Cedric Mpobusingye.


Family businesses must build trust 

What you need to know:

According to PwC’s 2023 Uganda family business survey,  only 54 percent of family businesses are fully trusted by regulators.

Like elsewhere in developed and emerging economies, opportunity abounds for family businesses in Uganda. Family businesses contribute close to 70 percent of Gross Domestic Product. 

With global capital seeking suitable investment opportunities and government policy focusing on import substitution and value addition, among other initiatives, well-structured, profitable, and trusted family businesses in Uganda are poised to reap immense benefits for the long term. 

However, to achieve this, family businesses must appreciate the role that trust plays in attaining long term success. This holds true when looking at PwC’s 2023 Uganda Family Business survey results. 

Securing your legacy
The results show that whereas the top priority for 90 percent of respondents is to create a legacy and protect the family business as the most important family asset, only 63 percent of family businesses consider themselves fully trusted by their customers, employees, and family members. 

The results also show that only 54 percent of family businesses are fully trusted by regulators. They further reveal varying levels to which family businesses desire and value the trust of stakeholders: customers, 87 percent; employees, 70 percent; regulators, 87 percent and family members, 57 percent.

These results indicate an opportunity for family businesses.      
First, family businesses ought to recognise that trust is tangible and trust matters. It is a product of one’s integrity, the honesty of one’s intentions, and the actual results of one’s actions.

Being trusted engenders loyalty and confers trust dividends on the family business. For example, customer trust facilitates revenue growth and buttresses against competition, an important aspect considering that 64% of family businesses expect growth in the next two years. 

Employee trust builds and sustains morale, strengthens a sense of belonging, unlocks employee creativity and innovation, and stems attrition. Regulator trust facilitates compliance and helps influence policy formulation. Family trust engenders family cohesion, particularly important for no amount of business success can compensate for family failure. 

Crest Foam, a Uganda-based family business first opened its doors in 1987. It now produces a range of mattresses, pillows and cushions. PHOTO / Edgar R. Batte

Second, bridging the trust gap, the gap between the desired level of trust and the actual trust with each stakeholder, is of utmost importance. The opportunity for family businesses here is to introspect and ask constructive questions: why aren’t we fully trusted by our customers? What does this mean for our competitive advantage? Are we vulnerable to competition? If our talented employees do not fully trust us, do we risk losing them? What would this mean for our ability to create, innovate, and remain competitive? What should we do to improve our trust score with regulators? 

Are we using fair means to compete? Is the continuity of our business at risk of regulatory non-compliance? Is there sufficient cohesion in our family? What does our family trust score mean for the transgenerational resilience of the family business? Does our family have a shared vision for the family business? Do we have robust family governance structures to protect the interface between the family and family business? 

There are many more questions that family businesses should introspect on.
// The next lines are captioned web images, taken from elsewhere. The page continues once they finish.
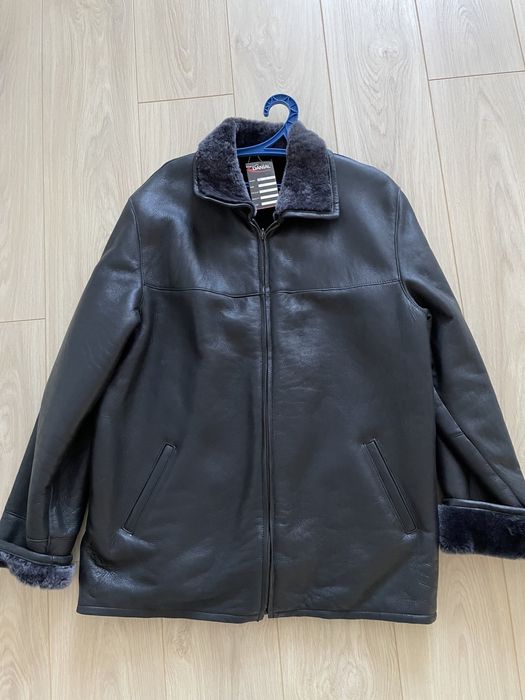 Дубленка мужская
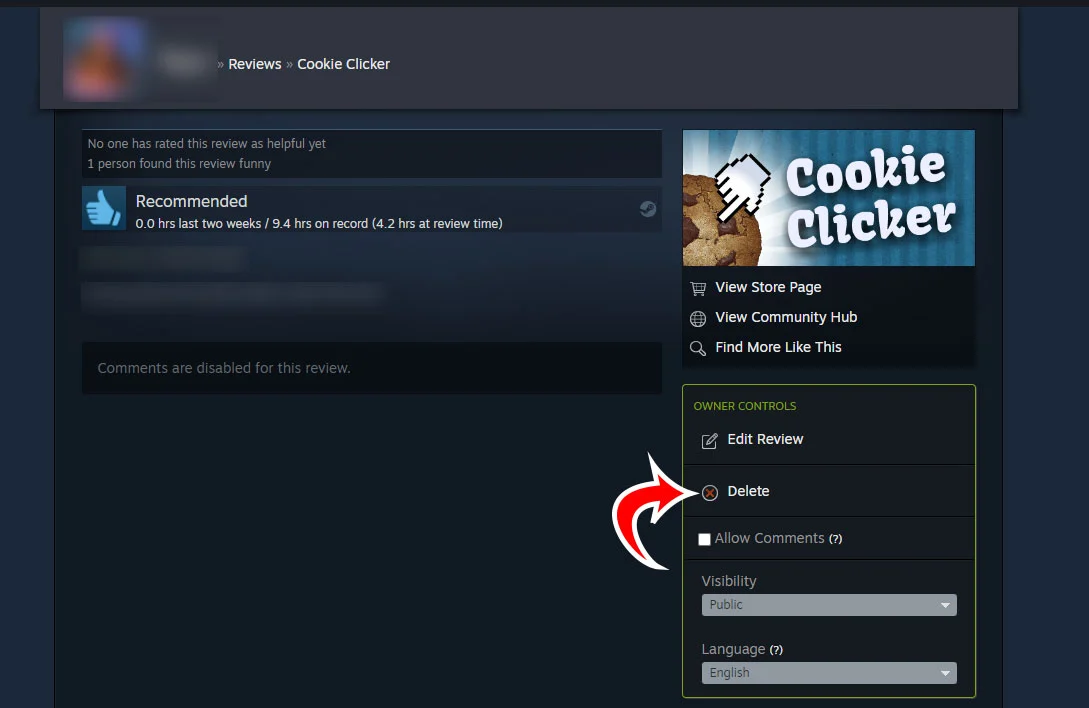 How To Delete Reviews On Steam Gamer Digest   How To Delete Reviews On Steam 2 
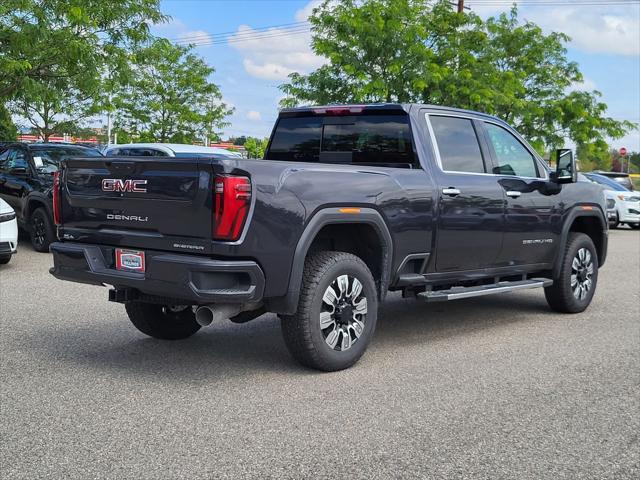 2025 GMC Sierra 2500HD 4WD Crew Cab Standard Bed Denali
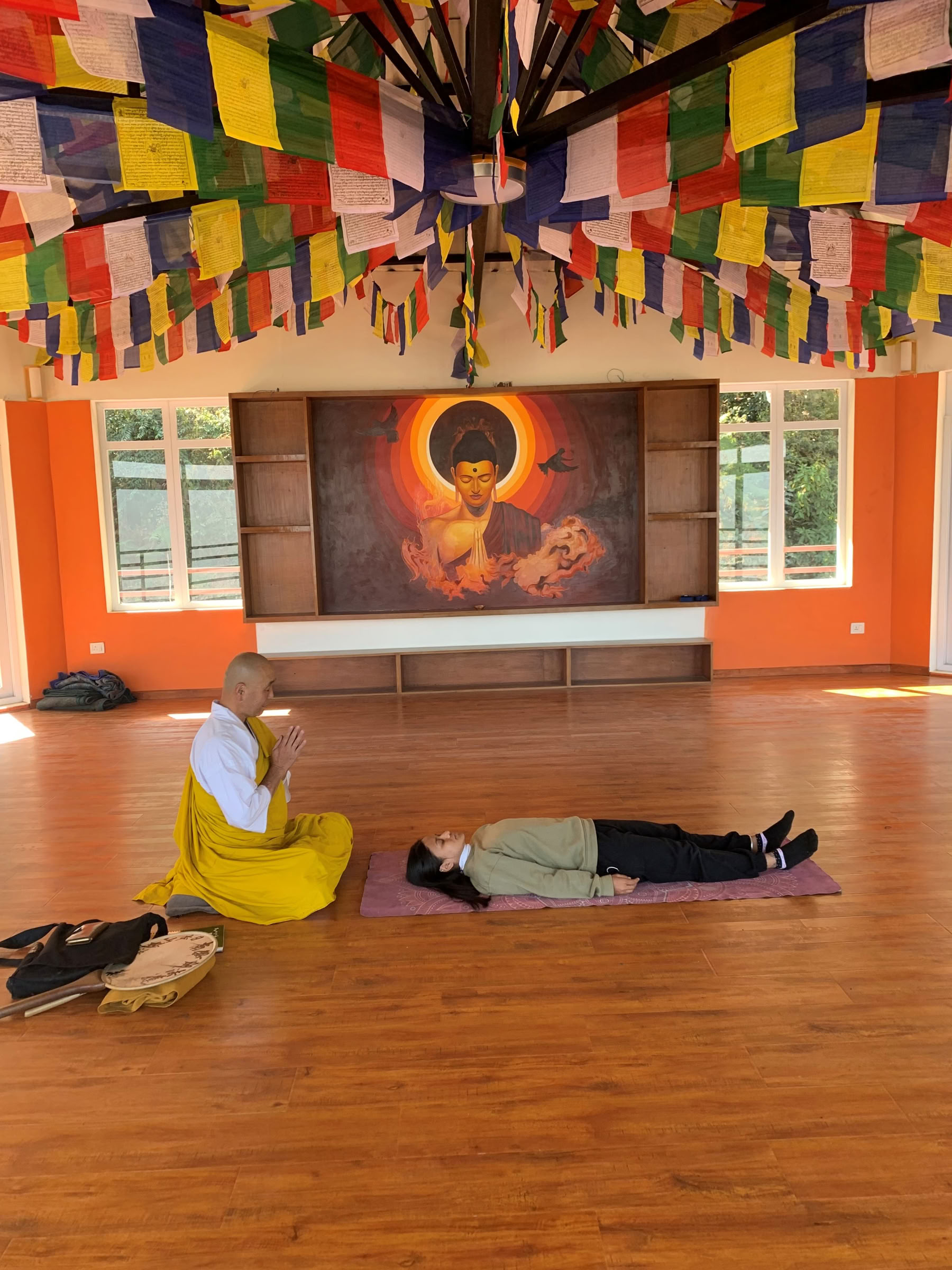 Massageterapikurs i Nepal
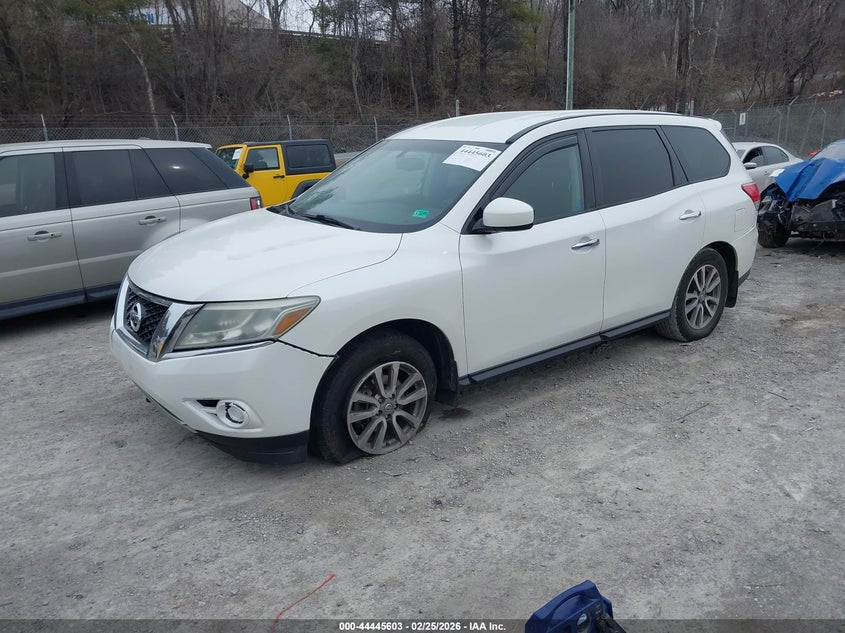 2015 Nissan Pathfinder S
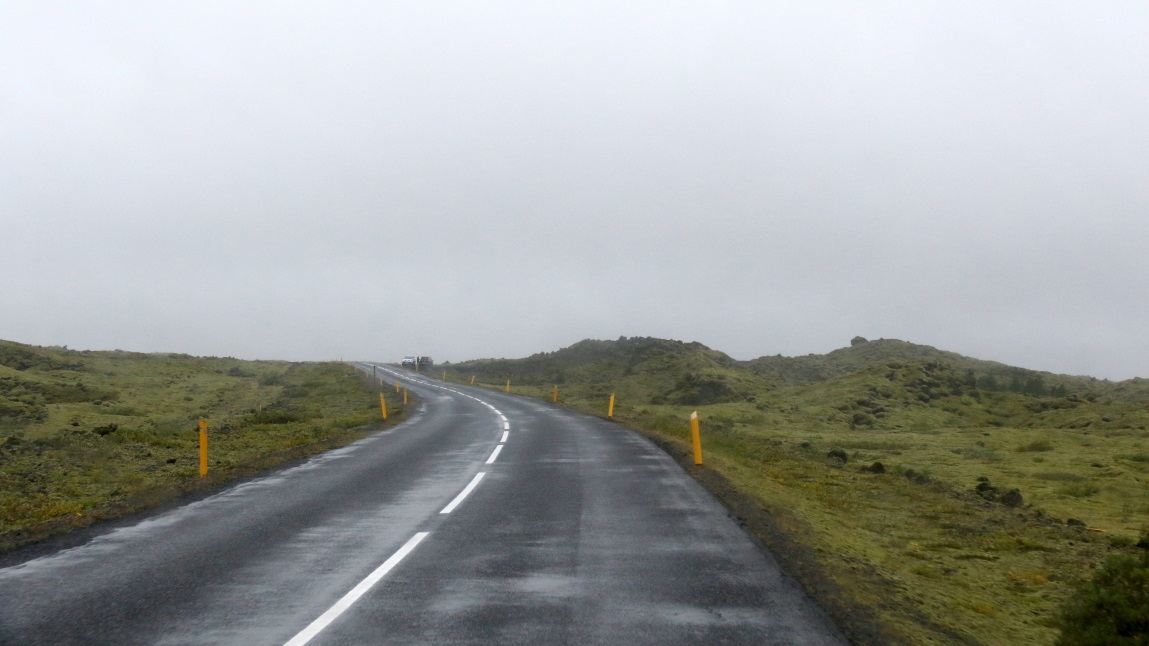 More moss covered lava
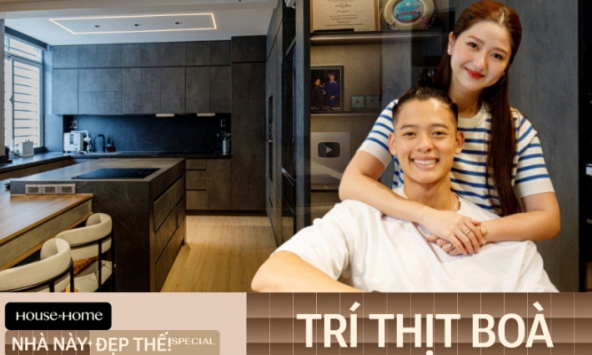 Trí Thịt Bòa và Hà My chi hơn 11 tỷ mua penthouse rồi đập sửa lại: Nhà 3 tầng nhưng mỗi thứ chỉ có một!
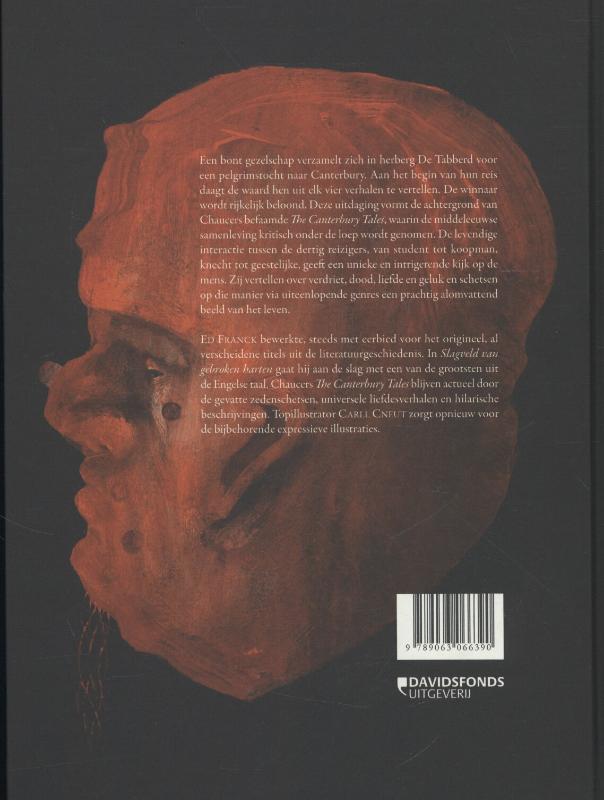 Slagveld van gebroken harten achterkant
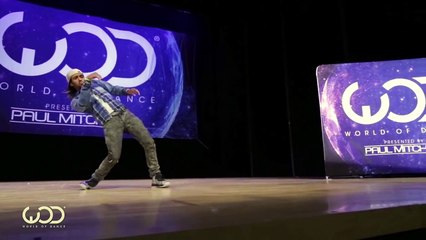 Un danseur hip hop fait le robot et c'est juste DINGUE! FRONTROW World of Dance Atlanta 2015 #WODATL15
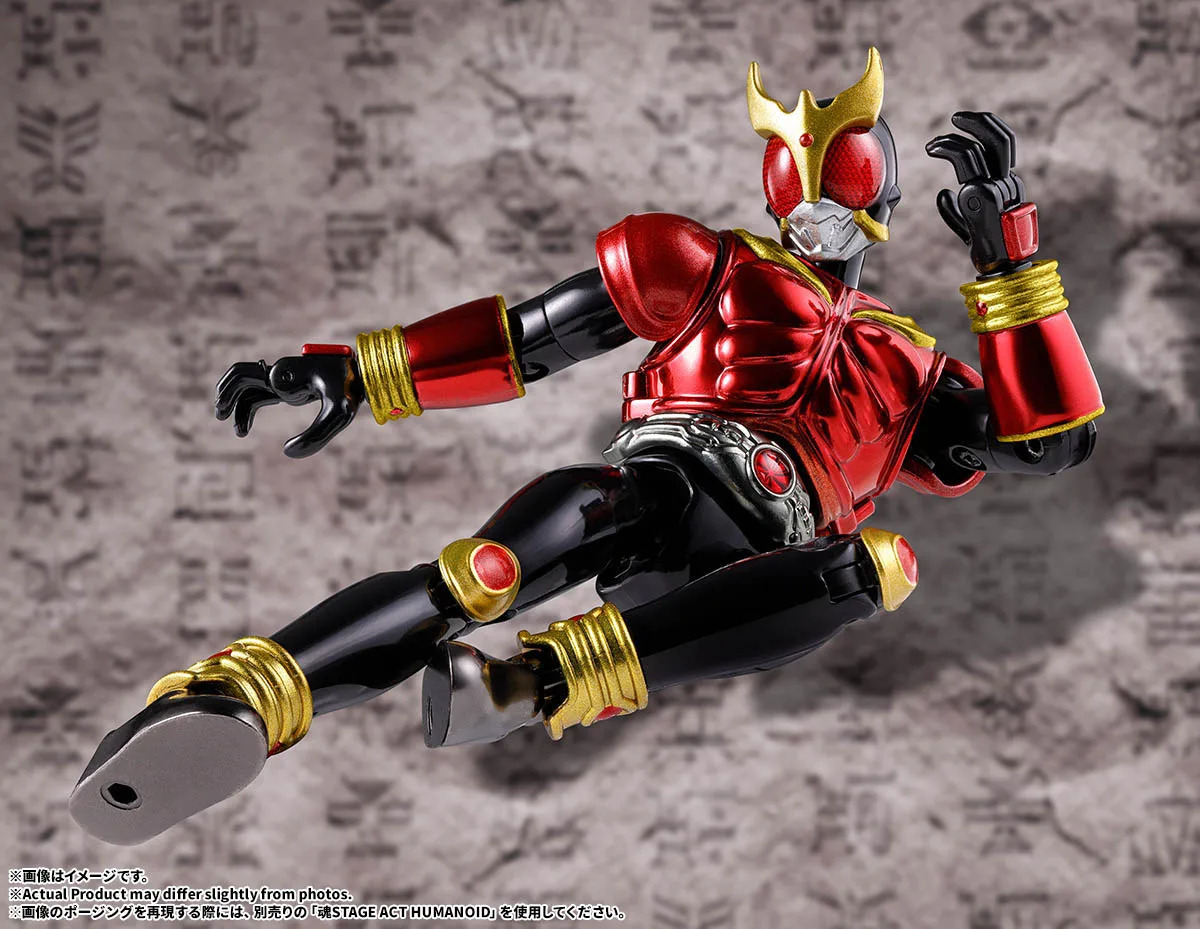 装着変身『仮面ライダークウガ マイティフォーム』可動フィギュア-003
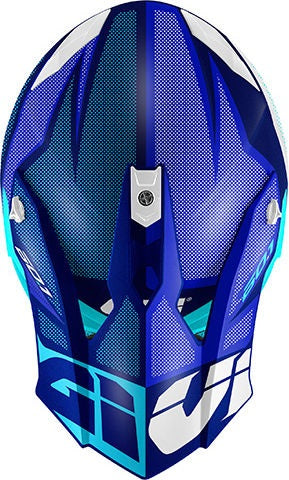 Givi / ジビ 60.1 INVERT ブルー / ホワイト サイズ L | H601FNVLW60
However, both owners and managers should have the courage to ask the right questions, even when they don’t have the answers. 

Doing so will activate awareness which in turn should inform behaviour changes that improve family cohesion and the prospects of the family business.      

Ultimately, to reap the benefits, family businesses should introspect on the most important questions: Are we trusted, and are we trust-worthy? And if not, what must we do to improve our trust score?    

Cedric Mpobusingye is a partner at PricewaterhouseCoopers.